Reproduce the listing below from the line with "4 Lehigh Ln, Middlesex Boro, NJ 08846" to the line with "Jéssica de la Peña Net Worth", both lines included, character for character, minus any pictures.
Segment Start: RECORDS
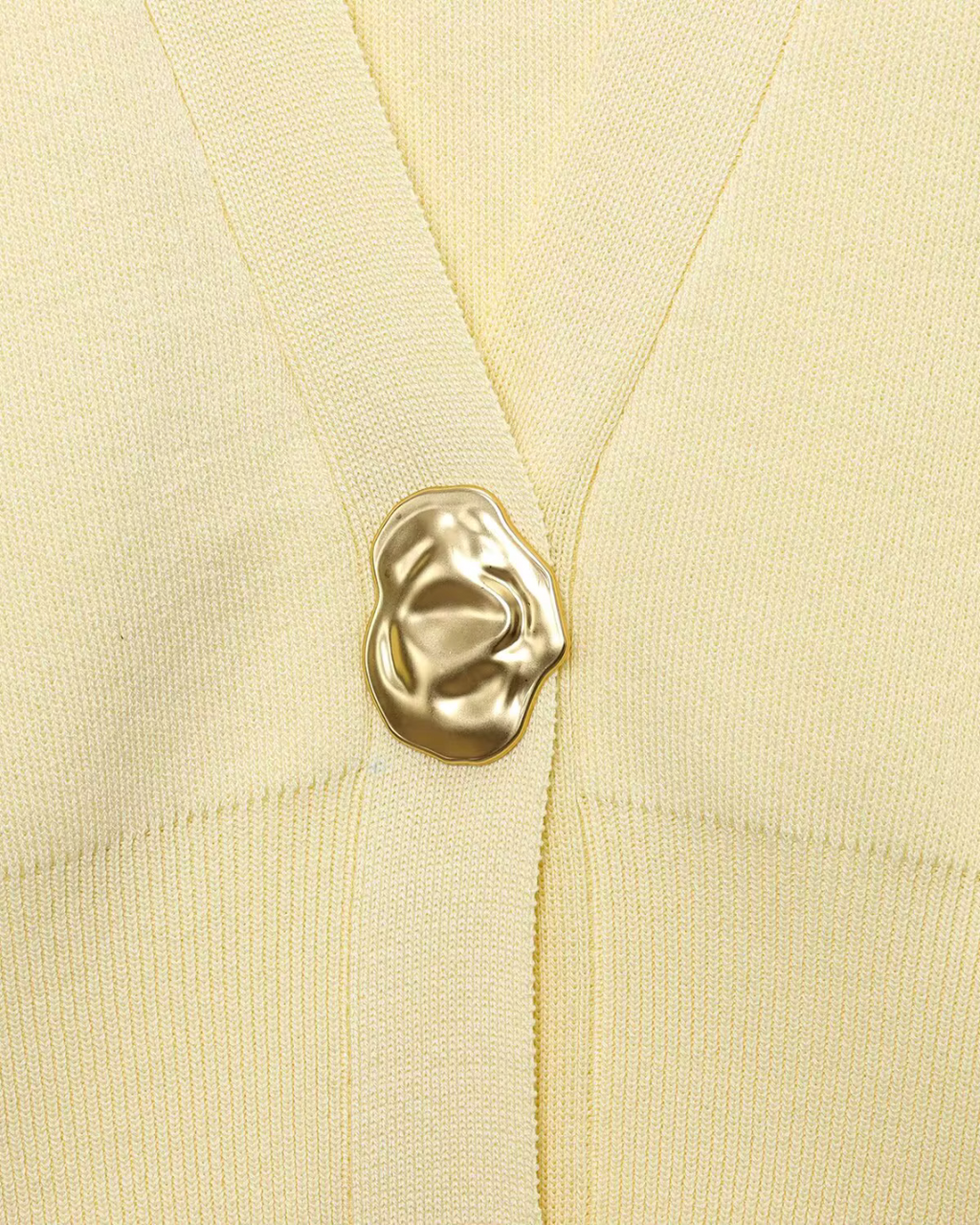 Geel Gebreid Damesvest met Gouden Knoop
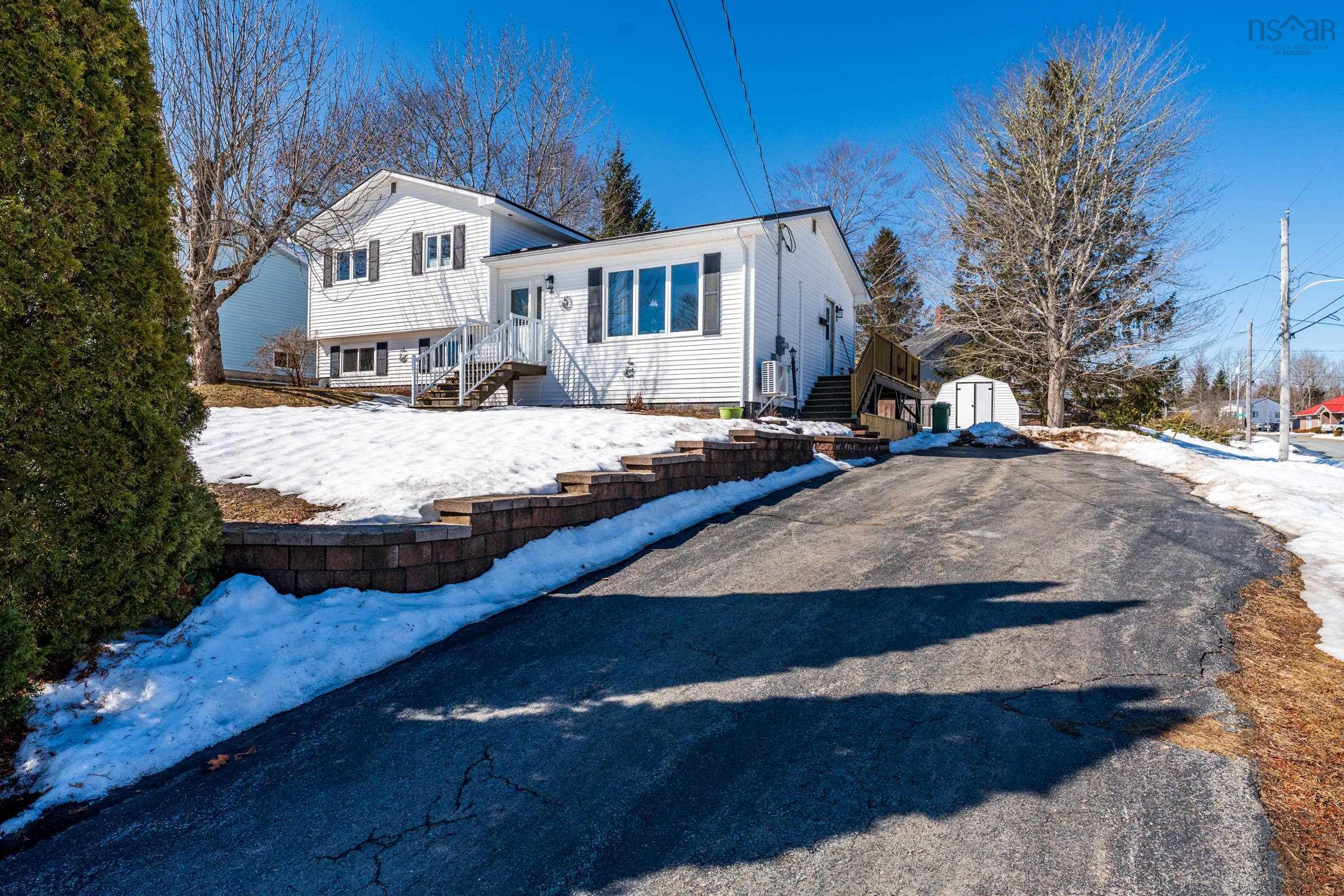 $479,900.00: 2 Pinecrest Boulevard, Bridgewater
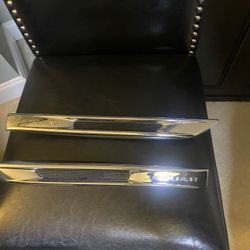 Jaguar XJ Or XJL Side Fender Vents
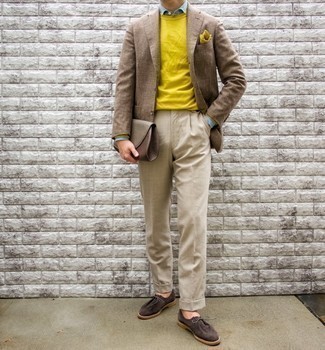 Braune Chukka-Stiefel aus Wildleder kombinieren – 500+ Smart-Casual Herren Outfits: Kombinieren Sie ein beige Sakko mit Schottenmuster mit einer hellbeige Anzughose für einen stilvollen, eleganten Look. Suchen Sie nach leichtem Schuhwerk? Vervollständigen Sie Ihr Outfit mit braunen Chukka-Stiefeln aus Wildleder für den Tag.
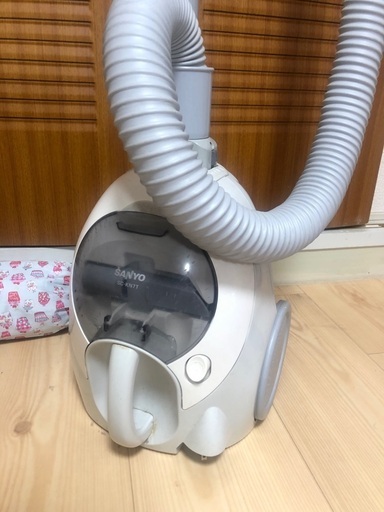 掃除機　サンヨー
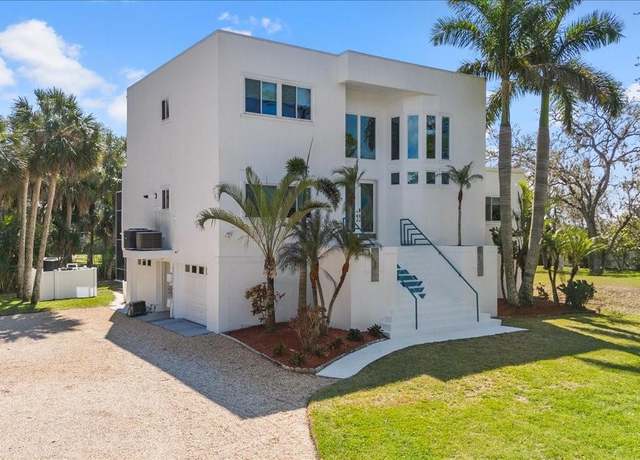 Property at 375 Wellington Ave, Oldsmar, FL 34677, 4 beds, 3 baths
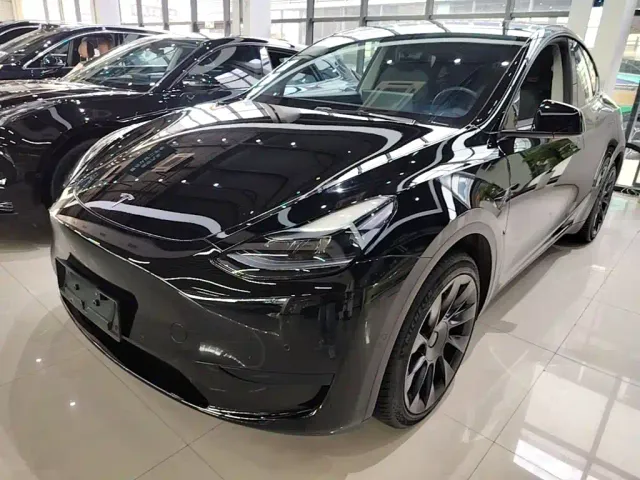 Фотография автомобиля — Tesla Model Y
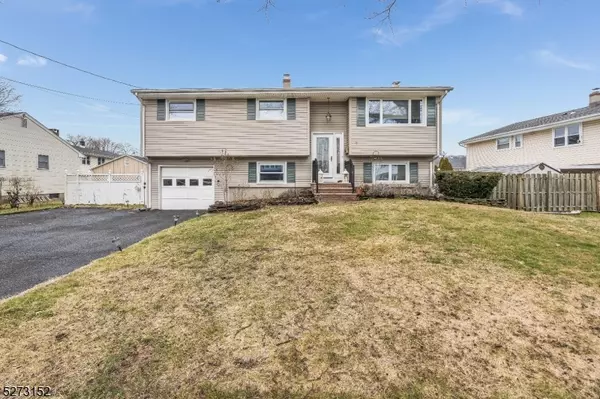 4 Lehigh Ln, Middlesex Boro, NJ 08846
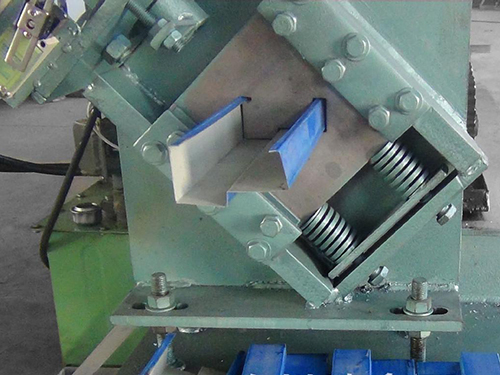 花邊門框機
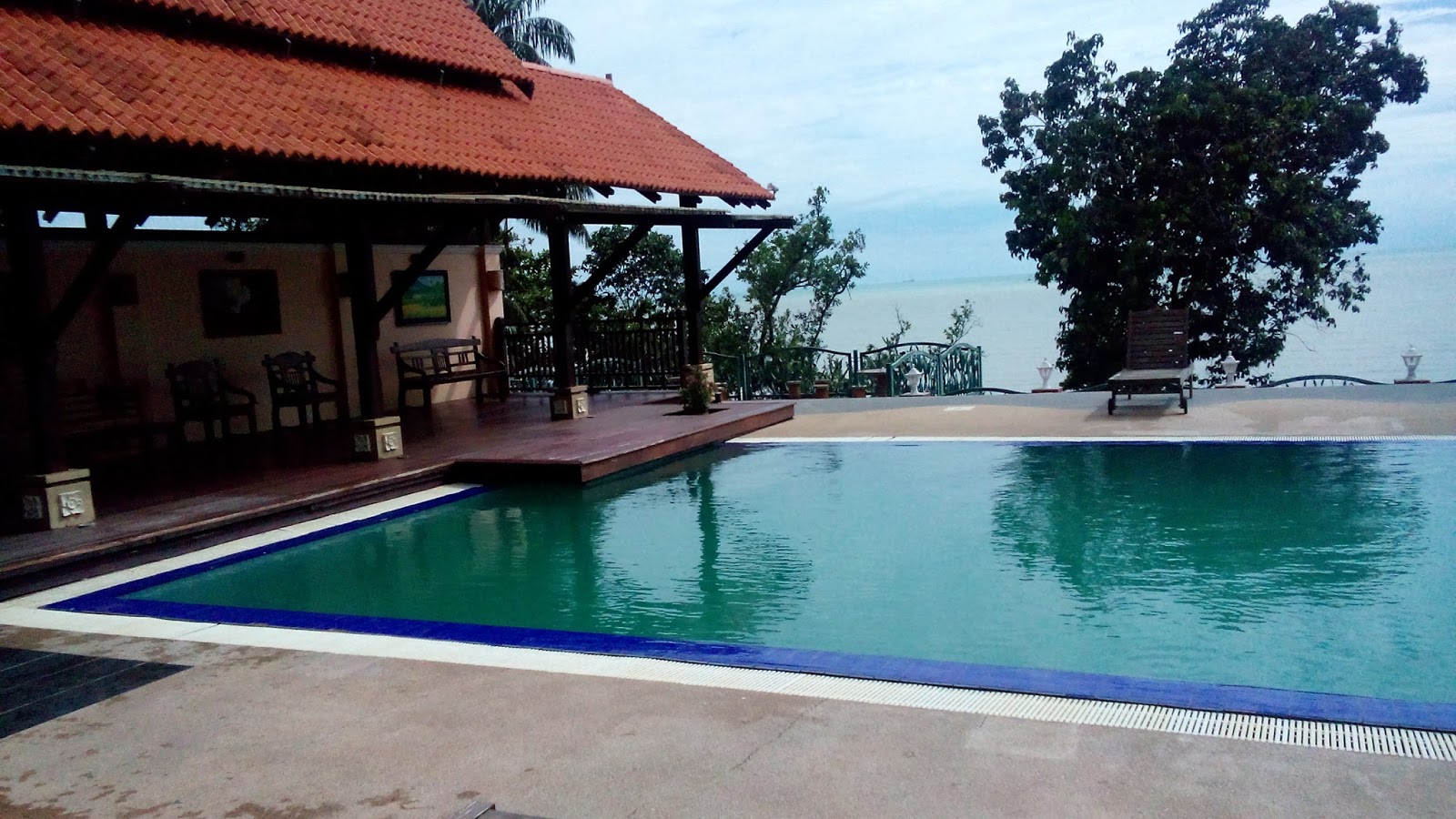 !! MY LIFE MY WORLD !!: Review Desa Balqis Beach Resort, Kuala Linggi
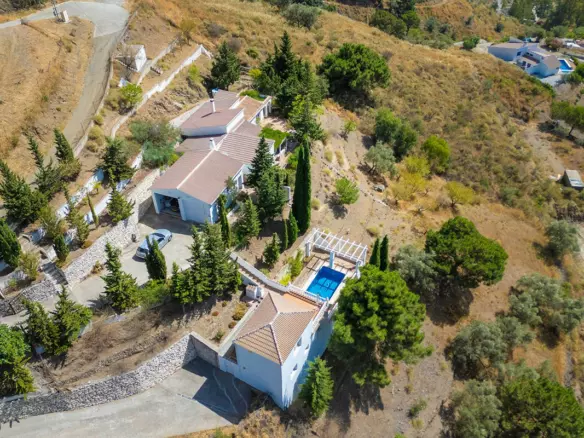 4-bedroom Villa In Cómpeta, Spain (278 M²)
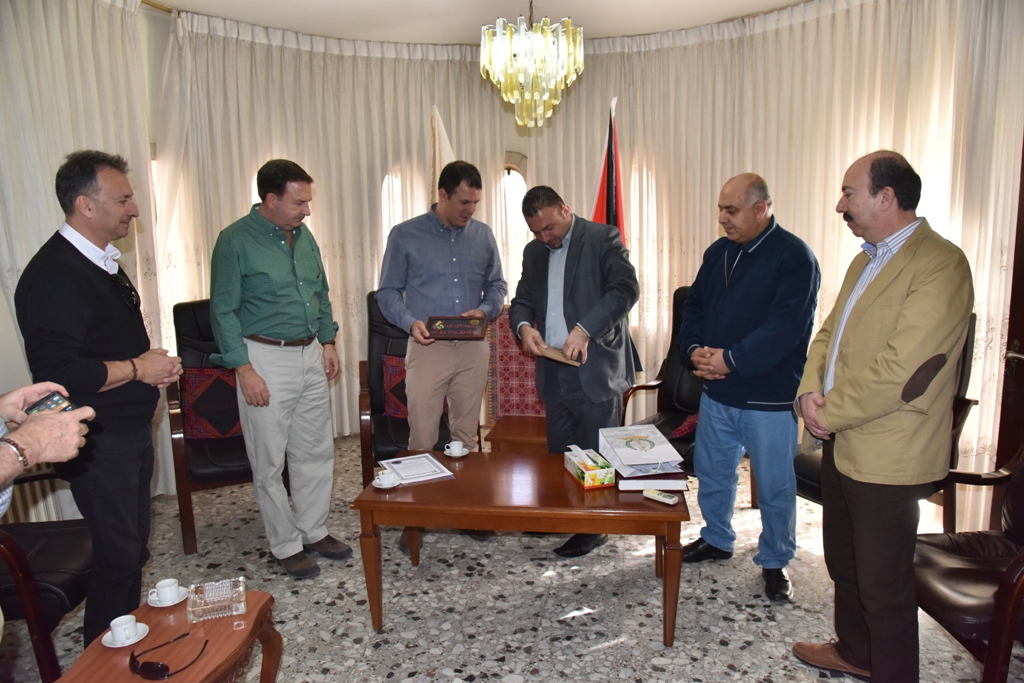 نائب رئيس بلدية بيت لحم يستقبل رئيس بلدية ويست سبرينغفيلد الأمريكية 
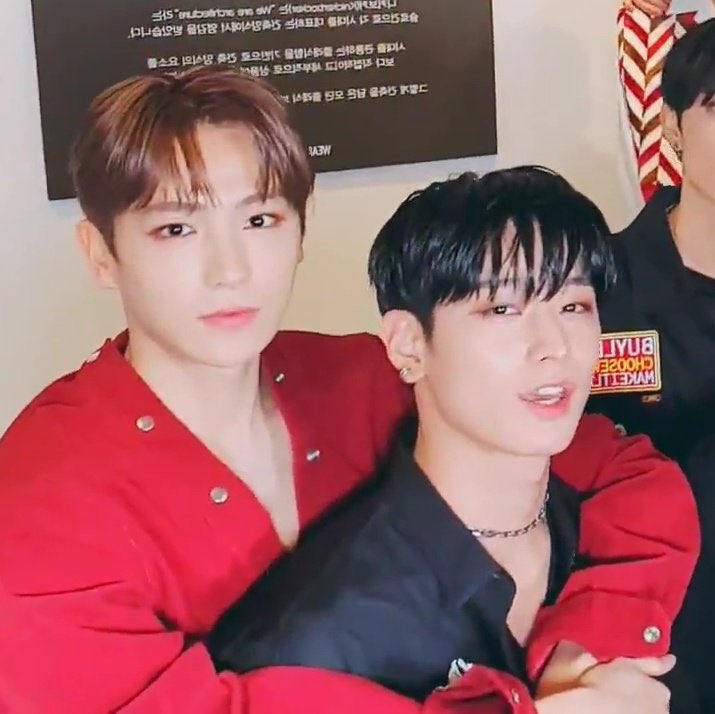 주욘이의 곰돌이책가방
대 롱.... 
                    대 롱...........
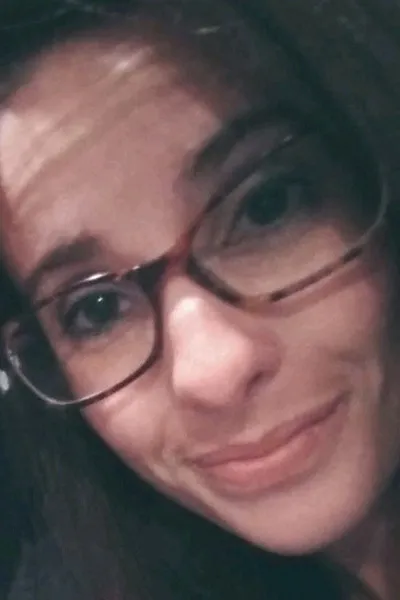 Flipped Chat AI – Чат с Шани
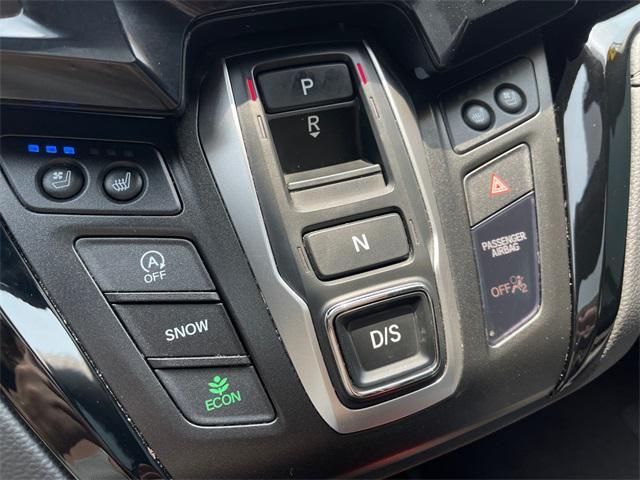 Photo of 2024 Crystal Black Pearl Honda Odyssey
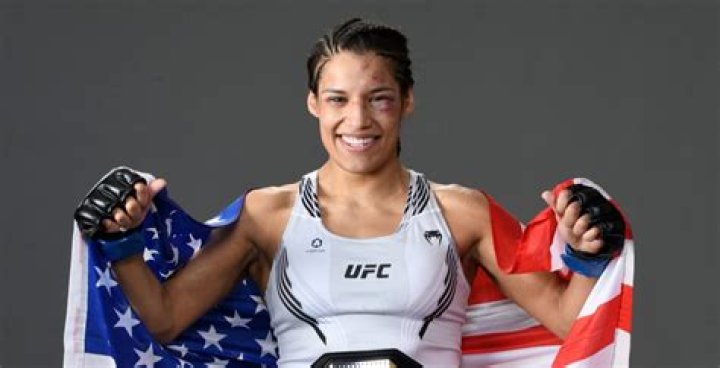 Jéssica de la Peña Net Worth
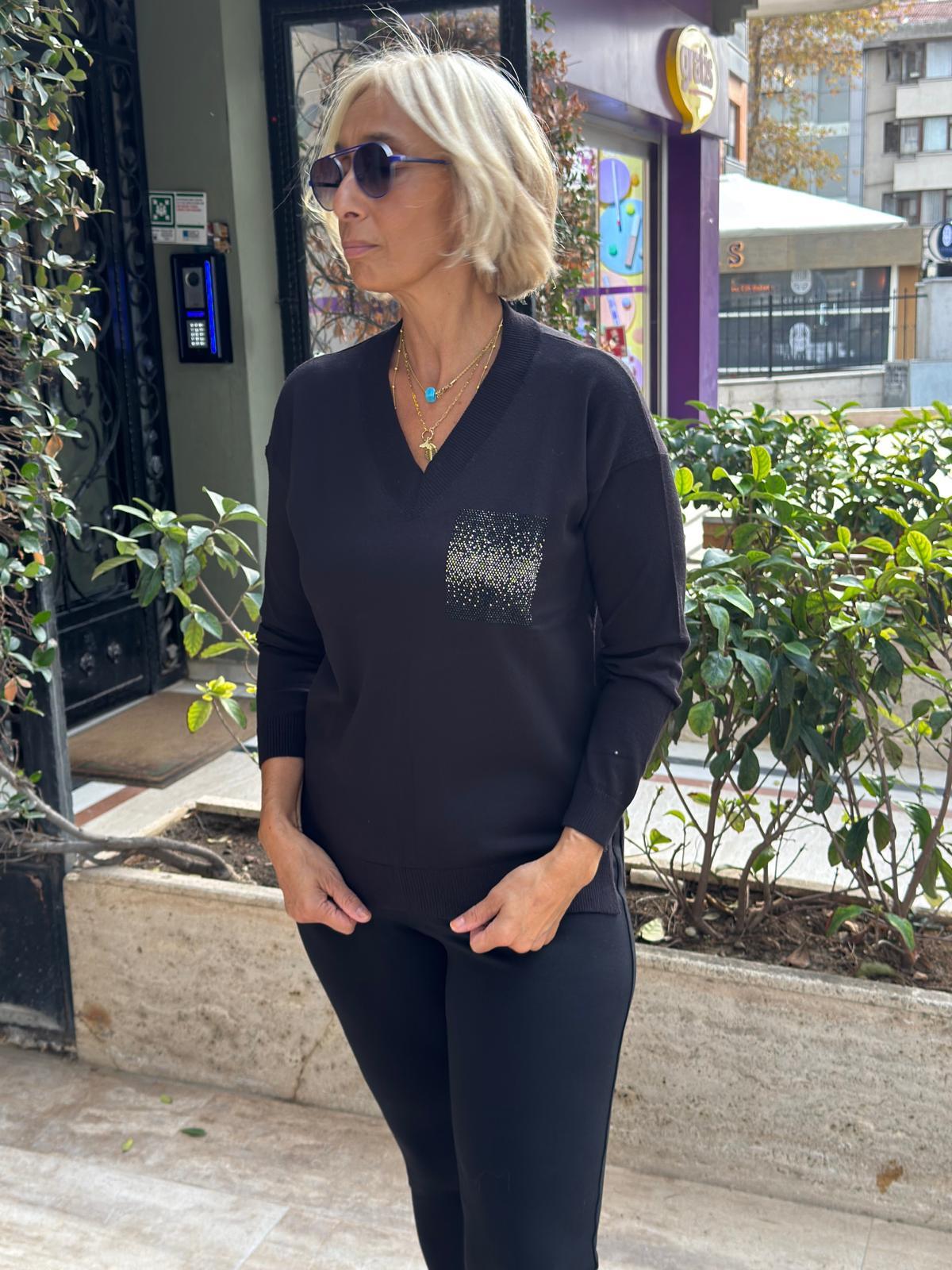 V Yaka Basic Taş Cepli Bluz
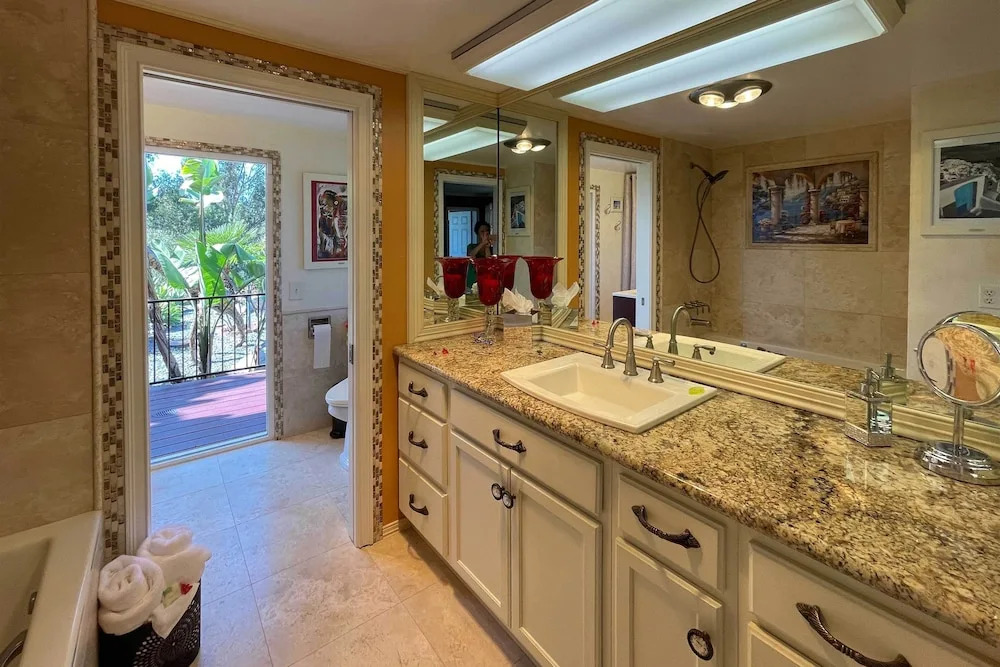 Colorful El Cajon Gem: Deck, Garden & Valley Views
Segment End: RECORDS
ANSWER TO THIS TASK:
 4 Lehigh Ln, Middlesex Boro, NJ 08846
 花邊門框機
 !! MY LIFE MY WORLD !!: Review Desa Balqis Beach Resort, Kuala Linggi
 4-bedroom Villa In Cómpeta, Spain (278 M²)
 نائب رئيس بلدية بيت لحم يستقبل رئيس بلدية ويست سبرينغفيلد الأمريكية 
 주욘이의 곰돌이책가방
대 롱.... 
                    대 롱...........
 Flipped Chat AI – Чат с Шани
 Photo of 2024 Crystal Black Pearl Honda Odyssey
 Jéssica de la Peña Net Worth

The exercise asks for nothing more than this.